Proof that the rank of a skew-symmetric matrix is at least $2$

Is there a succinct proof for the fact that the rank of a non-zero skew-symmetric matrix ($A = -A^T$) is at least 2? I can think of a proof by contradiction: Assume rank is 1. Then you express all other rows as multiple of the first row. Using skew-symmetric property, this matrix has to be a zero matrix.

Why does such a matrix have at least 2 non-zero eigenvalues?

Solution 1:

For a skew symmetric (real) matrix, the eigenvalues are all purely imaginary. This is because if $Av = \lambda v$, then we have $\lambda \langle v,v\rangle = \langle \lambda v, v\rangle = \langle Av,v\rangle = \langle v, -Av \rangle = \langle v, -\lambda v\rangle = -\overline{\lambda} \langle v,v\rangle$, so we conclude that $\lambda = -\overline{\lambda}$, i.e., that $\lambda$ is purely imaginary. Here, we're using an Hermitian inner product.

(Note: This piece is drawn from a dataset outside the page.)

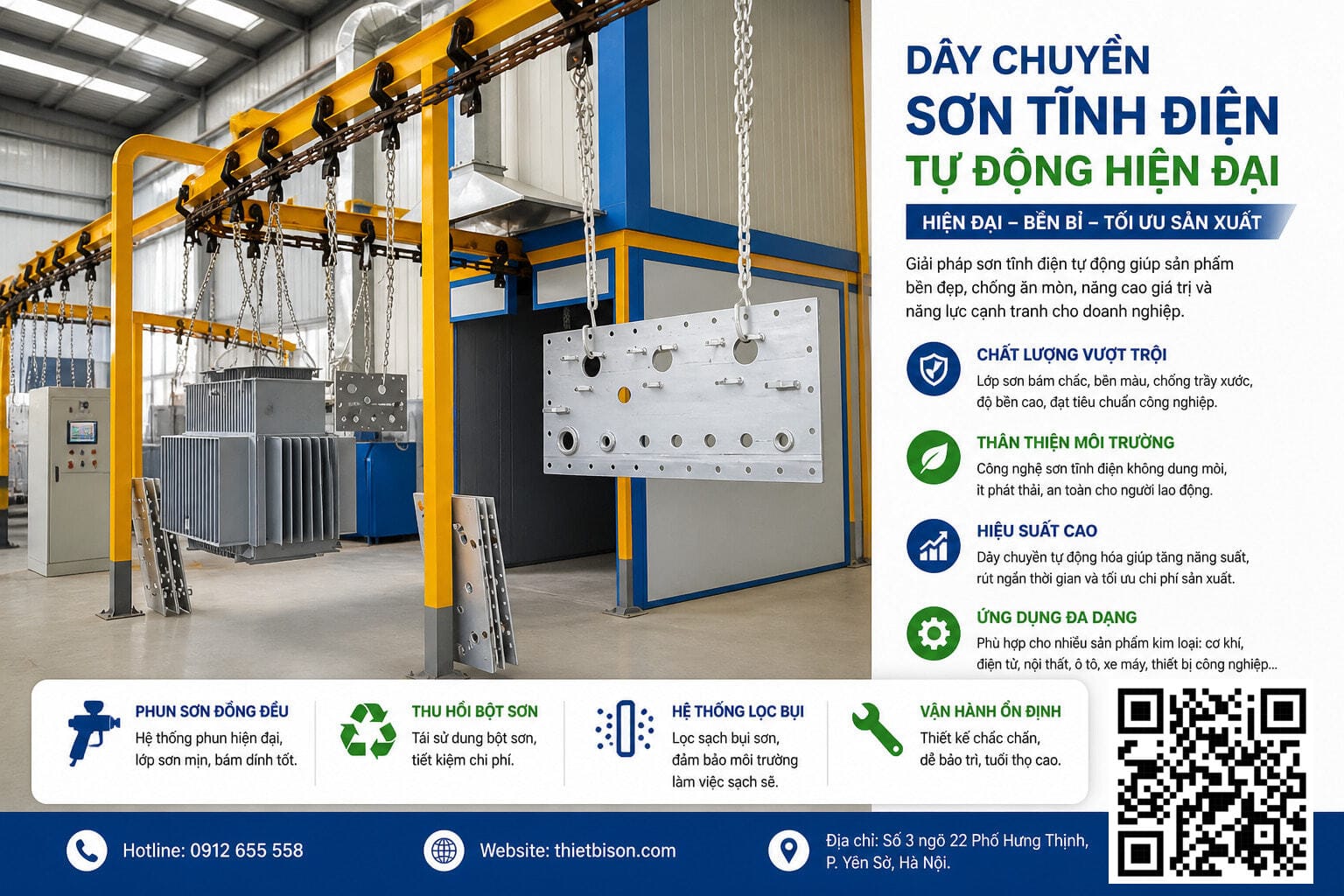 Dây chuyền phun sơn tĩnh điện tự động số 1 Dây chuyền sơn tĩnh điện tự động hiện đại giúp tạo lớp sơn bền đẹp, chống ăn mòn, tiết kiệm chi phí và tối ưu sản xuất. Hệ thống vận hành ổn định, phù hợp cho cơ khí, điện tử, nội thất, ô tô và nhiều ngành công nghiệp khác.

For a real matrix, complex eigenvalues come in conjugate pairs, so the rank must be even.

Solution 2:

There exists an invertible matrix $P$ such that $^t P A P$ is diagonal with blocks equal to $\begin{pmatrix} 0 & 1 \\ -1 & 0 \end{pmatrix}$ or $0$ (it is a simple exercise in bilinear forms), so that the rank of $A$ is necessarily even.